The second letter from "Contender for the Faith" divides...

Southport (Eng.) Visiter

The second letter from "Contender for the Faith" divides itself into two parts. In the first place he objects to the Christian Science teaching that God neither authorizes nor permits evil; in the second he permits himself, on the authority of certain gentlemen, to make charges against Christian Science of a very uncomplimentary nature. To deal with these latter first, one of these "authorities" in his pamphlet quotes from a tract published in America some time ago to attack Christian Science, the author of which narrates that a certain Indian lady asked somebody one day what the Christian Science teaching was, and, as soon as she was told, recognized it as a pagan philosophy, etc., etc. The author of the tract was not, of course, concerned to find out what was told the lady or who told it her. It was enough that she said what she did for him to publish it. And it was enough that he should publish it for Mr.—to repeat it. And it has been enough that Mr.—should repeat it in his little tract for your correspondent to utter it again. Of course nothing but a complete travesty of Christian Science could have been presented to the lady. In no teaching could the central fundamental teaching of the pantheism of India be more directly controverted than it is in Christian Science. And so what the Indian lady said is of no interest beyond affording an excellent illustration of the nature of the evidence produced against Christian Science and the methods of those who deal in it. As to the other "authority," it would be impossible to read his production and (so violent is the prejudice and the language on every page) feel that a single word of it is reliable. I could indeed wish that your correspondent would seek enlightenment from some who could speak with authority—the authority of actual experience.

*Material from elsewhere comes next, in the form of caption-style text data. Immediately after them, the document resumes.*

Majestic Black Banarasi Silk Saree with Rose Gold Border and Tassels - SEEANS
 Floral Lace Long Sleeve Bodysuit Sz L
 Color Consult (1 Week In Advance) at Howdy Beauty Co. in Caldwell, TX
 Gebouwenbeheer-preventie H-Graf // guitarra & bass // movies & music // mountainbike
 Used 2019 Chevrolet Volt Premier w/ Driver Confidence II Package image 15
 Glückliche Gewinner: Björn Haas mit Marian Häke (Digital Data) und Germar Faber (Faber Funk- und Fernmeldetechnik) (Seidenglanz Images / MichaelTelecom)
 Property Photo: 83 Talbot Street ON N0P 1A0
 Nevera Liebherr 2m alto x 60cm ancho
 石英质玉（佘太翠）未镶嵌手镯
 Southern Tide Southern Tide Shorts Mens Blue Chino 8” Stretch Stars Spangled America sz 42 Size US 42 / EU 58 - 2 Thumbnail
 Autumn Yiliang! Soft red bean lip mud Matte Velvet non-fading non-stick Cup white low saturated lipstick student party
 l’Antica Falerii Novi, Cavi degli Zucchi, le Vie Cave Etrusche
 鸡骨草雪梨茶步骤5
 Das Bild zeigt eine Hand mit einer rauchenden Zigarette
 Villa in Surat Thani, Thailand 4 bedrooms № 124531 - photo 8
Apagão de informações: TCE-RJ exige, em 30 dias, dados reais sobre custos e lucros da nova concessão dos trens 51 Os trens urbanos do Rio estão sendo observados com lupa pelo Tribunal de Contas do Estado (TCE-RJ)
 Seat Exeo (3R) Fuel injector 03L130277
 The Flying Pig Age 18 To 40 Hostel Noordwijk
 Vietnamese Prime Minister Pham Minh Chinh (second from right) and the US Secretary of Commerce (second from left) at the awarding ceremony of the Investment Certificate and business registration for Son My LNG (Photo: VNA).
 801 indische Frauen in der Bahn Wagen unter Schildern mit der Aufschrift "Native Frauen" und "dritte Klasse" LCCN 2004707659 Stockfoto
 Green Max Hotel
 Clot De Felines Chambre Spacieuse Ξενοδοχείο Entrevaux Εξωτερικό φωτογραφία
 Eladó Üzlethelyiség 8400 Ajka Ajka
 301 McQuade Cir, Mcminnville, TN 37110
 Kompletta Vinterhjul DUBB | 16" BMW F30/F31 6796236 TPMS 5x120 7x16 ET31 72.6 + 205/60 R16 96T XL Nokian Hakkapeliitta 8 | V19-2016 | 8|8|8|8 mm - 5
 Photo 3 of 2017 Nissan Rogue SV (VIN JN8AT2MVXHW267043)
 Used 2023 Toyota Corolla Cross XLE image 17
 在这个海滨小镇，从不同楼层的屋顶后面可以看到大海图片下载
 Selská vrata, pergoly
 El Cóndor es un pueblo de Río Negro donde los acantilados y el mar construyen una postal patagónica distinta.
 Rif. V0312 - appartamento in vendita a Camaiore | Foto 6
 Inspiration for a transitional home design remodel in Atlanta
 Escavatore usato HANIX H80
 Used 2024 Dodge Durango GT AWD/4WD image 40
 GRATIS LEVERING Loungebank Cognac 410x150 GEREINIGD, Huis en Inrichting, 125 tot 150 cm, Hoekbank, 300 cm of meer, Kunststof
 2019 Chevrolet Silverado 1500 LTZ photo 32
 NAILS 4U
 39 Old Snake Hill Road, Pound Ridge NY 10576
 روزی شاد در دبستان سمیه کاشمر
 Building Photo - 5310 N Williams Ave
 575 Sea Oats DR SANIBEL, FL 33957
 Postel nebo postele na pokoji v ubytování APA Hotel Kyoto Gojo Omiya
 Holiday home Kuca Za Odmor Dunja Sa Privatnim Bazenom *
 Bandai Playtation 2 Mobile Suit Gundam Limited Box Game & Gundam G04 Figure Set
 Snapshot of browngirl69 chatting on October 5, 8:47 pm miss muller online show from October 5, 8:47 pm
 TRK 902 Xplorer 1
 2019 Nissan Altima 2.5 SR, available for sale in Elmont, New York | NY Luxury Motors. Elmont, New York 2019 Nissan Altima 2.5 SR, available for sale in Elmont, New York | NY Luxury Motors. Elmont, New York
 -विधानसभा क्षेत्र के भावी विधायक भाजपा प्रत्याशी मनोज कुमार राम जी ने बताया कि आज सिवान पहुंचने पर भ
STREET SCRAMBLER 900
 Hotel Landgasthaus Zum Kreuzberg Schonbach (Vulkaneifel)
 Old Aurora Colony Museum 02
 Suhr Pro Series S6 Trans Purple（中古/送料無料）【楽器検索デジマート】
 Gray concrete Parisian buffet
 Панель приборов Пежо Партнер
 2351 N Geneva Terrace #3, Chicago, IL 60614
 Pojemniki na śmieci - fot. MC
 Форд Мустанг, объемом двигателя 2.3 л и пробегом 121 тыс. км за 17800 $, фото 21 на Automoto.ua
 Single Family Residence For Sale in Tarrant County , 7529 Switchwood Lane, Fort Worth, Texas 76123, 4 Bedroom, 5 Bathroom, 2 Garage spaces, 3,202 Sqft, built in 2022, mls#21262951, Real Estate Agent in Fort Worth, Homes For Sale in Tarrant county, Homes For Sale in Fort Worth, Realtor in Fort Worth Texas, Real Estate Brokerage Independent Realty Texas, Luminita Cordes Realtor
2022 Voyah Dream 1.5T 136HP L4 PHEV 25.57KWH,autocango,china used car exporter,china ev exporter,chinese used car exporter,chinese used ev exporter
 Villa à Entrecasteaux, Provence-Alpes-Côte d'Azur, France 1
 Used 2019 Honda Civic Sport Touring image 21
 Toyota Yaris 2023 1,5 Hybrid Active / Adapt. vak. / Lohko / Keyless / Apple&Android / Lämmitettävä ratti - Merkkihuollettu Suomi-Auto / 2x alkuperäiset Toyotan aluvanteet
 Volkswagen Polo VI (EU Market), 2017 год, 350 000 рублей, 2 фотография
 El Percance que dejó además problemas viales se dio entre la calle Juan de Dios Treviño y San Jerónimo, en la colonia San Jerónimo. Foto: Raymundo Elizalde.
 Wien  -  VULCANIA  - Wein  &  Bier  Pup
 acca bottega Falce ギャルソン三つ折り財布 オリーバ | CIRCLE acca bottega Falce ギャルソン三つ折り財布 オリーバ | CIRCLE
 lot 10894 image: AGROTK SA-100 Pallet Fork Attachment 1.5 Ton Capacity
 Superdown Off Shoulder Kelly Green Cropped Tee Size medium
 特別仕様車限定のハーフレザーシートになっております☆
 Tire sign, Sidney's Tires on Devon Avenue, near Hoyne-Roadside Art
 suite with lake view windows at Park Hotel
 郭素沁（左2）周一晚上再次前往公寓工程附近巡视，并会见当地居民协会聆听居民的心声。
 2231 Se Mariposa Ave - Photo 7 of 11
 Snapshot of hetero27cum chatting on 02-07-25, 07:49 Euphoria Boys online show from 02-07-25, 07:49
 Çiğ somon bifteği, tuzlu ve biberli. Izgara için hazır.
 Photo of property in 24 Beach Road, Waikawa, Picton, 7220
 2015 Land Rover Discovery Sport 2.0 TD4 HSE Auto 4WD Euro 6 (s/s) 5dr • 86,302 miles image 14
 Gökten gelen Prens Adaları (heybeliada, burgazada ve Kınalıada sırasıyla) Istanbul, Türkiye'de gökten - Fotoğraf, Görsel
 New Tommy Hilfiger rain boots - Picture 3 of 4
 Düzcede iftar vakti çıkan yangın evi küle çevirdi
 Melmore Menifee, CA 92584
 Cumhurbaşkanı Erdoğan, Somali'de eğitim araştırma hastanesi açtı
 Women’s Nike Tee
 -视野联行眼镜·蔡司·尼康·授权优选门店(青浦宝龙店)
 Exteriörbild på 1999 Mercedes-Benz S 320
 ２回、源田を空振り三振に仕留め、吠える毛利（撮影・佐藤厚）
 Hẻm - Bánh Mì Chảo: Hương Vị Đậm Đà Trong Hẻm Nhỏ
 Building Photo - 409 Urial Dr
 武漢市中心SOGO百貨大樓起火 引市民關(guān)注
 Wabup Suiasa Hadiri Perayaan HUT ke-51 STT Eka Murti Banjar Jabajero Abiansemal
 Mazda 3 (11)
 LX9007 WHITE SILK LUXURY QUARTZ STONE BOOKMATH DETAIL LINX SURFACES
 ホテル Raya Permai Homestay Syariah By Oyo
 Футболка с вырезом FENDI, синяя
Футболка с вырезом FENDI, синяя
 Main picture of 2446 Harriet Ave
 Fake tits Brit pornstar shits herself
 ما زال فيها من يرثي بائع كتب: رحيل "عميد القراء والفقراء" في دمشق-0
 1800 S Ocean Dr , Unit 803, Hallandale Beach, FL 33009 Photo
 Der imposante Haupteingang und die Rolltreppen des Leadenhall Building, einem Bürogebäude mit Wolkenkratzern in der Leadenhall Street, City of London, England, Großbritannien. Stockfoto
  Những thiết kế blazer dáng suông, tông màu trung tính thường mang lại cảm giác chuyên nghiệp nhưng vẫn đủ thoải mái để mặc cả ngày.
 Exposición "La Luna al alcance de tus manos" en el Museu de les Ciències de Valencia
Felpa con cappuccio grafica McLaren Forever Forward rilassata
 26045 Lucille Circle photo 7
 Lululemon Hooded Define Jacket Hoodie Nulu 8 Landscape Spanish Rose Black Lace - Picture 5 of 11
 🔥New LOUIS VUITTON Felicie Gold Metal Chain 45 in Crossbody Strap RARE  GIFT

The teaching of Christian Science does not conflict in any way with your correspondent's contention that it is not contrary to God and His revealed truth that sickness and punishment should fall upon the disobedient. This is not, however, to say that God is the author of evil, or utilizes it or permits it in any way. God is unchanging good, the Principle of all true being. His law can operate only for good. In working out a mathematical problem, if we do not apply the proper rule, and arrive accordingly at a wrong result, at discord or disaster, can such disaster be laid to the charge of the basic law of mathematics? Assuredly not. And just as surely does Christian Science impart to the student an understanding of God and His law that discloses all evil to be but the expression of ignorance of, or the negation of, that law. But there can be no disobedience, in absolute truth, to the omnipotence of the divine law. And so, though sin and its concomitants, sickness and suffering, are very real things to us in our human experience and to our human consciousness, Christian Science shows that in the realm of the real, in the sight of God, they are without presence, power, or being. Christian Science reveals the message of Christianity to teach the possibility and duty of correcting that human consciousness with the understanding of God's allness, and with such correction of consciousness there is a corresponding correction of experience. Thus the Christian Scientist sees the healing works of Jesus not as transgressions of any law, but as the destruction of false laws, or a false human sense of law, but the knowledge of the eternal omnipotence of the law of God, good. This is the faith for which he contends, and which he has proved to be capable of being shown forth by its works.